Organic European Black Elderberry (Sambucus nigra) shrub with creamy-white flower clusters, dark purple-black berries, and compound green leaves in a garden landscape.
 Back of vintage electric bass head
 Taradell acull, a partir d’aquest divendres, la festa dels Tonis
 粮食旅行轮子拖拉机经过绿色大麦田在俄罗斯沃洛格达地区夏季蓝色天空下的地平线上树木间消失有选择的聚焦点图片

■ ■ ■ ■ ■

WORK ORDER:
Your task is to transcribe the material, which must come out exactly as written.

RESPONSE BELOW:
Organic European Black Elderberry (Sambucus nigra) shrub with creamy-white flower clusters, dark purple-black berries, and compound green leaves in a garden landscape.
 Back of vintage electric bass head
 Taradell acull, a partir d’aquest divendres, la festa dels Tonis
 粮食旅行轮子拖拉机经过绿色大麦田在俄罗斯沃洛格达地区夏季蓝色天空下的地平线上树木间消失有选择的聚焦点图片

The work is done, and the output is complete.